Pregnant Paws

Well, it’s been a busy week at Emu towers, and, for once, the focus has been away from the challenges of the unreasonableness of the two-legged population and onto the animal kingdom. The week started with Luna behaving…well, strangely. I mentioned the symptoms to a couple of friends, and without missing a beat, each one said : “Phantom pregnancy” I don’t know about you, but this was very much a new term for me, and it does strike me that I’m learning a whole new vocabulary since the dog came onto our lives. Only last week I found that the ugly yellow circles on our lawn were caused by something called ‘urine burn’. I’d never heard of urine burn before, although it sounds like something where a bit of cranberry juice and yoghurt wouldn’t go amiss, but apparently it’s all the rage where female dogs wee on lawns, and completely untreatable, unless you follow said dog about with a watering can every time they need a pee. Any way, onto the phantom pregnancy, which sounds like it might involve ectoplasm and Doris Stokes (or Dynamo, for our younger readers) but is a proper physical and mental condition experienced by dogs a few weeks after their first season. I found this out, as everyone else does these days, by logging on to the internet, via the pet insurance details to check cover (alas no), and established the following symptoms:

  • Behavioral changes.
  • Mothering activity, nesting, and self-nursing.
  • Restlessness.
  • Abdominal distention.
  • Enlargement of mammary glands.
  • Depression.
  • Loss of appetite (anorexia)

Which was a bit like when you look into a medical dictionary and finding that you have all the symptoms for cholera, or athlete’s foot, or glaucoma (or possibly all three). Because Luna, bless her, seemed to be showing most of these signs in spades. Which was all a bit weird (or wared, as they say in these parts), probably as we’re so used to her behaving in a certain way. So, for example, she’d take a couple of her toys around everywhere with her, making sure they were tucked under her when she was sleeping. She started ‘nesting’, unfortunately choosing to do so in our bed. Then she went off her food, then she started talking to us. Really.  Not barking, you understand, but the sort of talking that dogs do when they want to have an urgent chat.
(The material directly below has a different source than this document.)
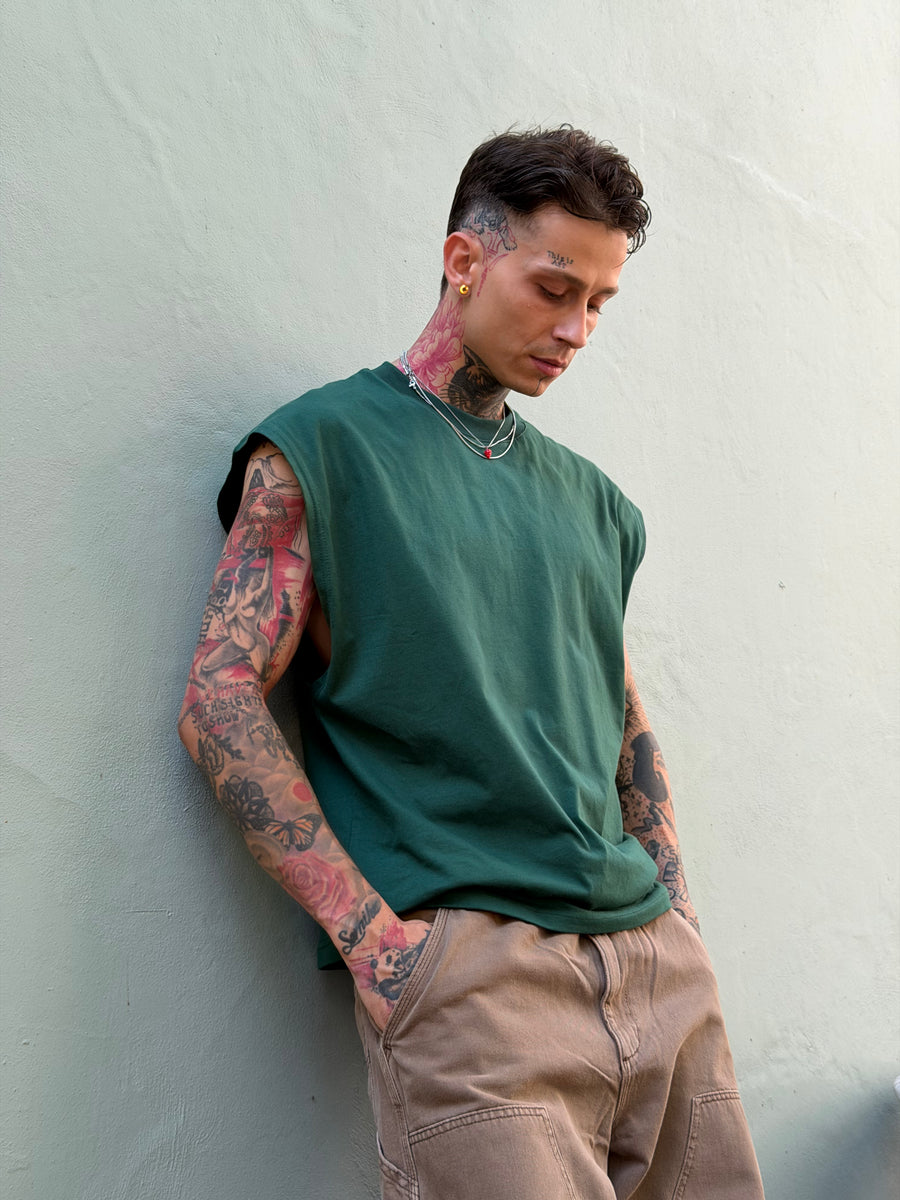JR Boxy Fit Kolsuz Yeşil Oversize Tshirt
Of course, this led to quite a bit of localised hi-jinks, with lots of ‘What’s that Luna, there’s two small children trapped in an abandoned mine?’ or ‘What’s that Luna, you heard Mummy telling Daddy that #3 was adopted?’ Although the fun to be had from this faded a bit when she decided to have an urgent chat at 4 in the morning. Reading the list above, Mrs E was concerned that there might be a conversation she was missing about depression, anorexia or perhaps self-harming, so elected to sleep downstairs, a level of devotion that had been denied to any of her human children.

Fortunately help was at hand for the abdominal inflammation aspect of the illness, as Luna was booked into be spayed on Friday. Not for her the pitter patter of little Hungarian paws across the kitchen floor in the future, instead she’ll be resigned to a barren life ahead, wondering what might have been. Even 72 hours post-op there’s something of Miss Haversham about the way she looks at us. On the plus side, she was weighed at the vets after the op, and declared to be the perfect weight for a dog her age. #1 helpfully pointed out that her reproductive organs would have pushed her well over the ideal point, thereby yet again showing the sensitivity that the medical profession is expecting from him in the future.

All of which has resulted in a different dog at the end of the week to the one we started with. She’s still enjoying her phantom pregnancy symptoms, but is coming down from an anaesthetic which involved a healthy dose of methadone (yes, methadone). She’s shaved across her tummy and sporting a pretty impressive dressing which she’s trying to lick off, so to prevent this, Mrs E has taken to fitting her out in a pink running T-shirt. So, just to recap, we have a dog dressed up in a pink shirt, coming down from methadone, who thinks she’s pregnant, and possibly suffering from depression and anorexia. She’s restless but not allowed off the lead for a week. Yet again, we have a glimpse into what happens when teenage girls go wrong.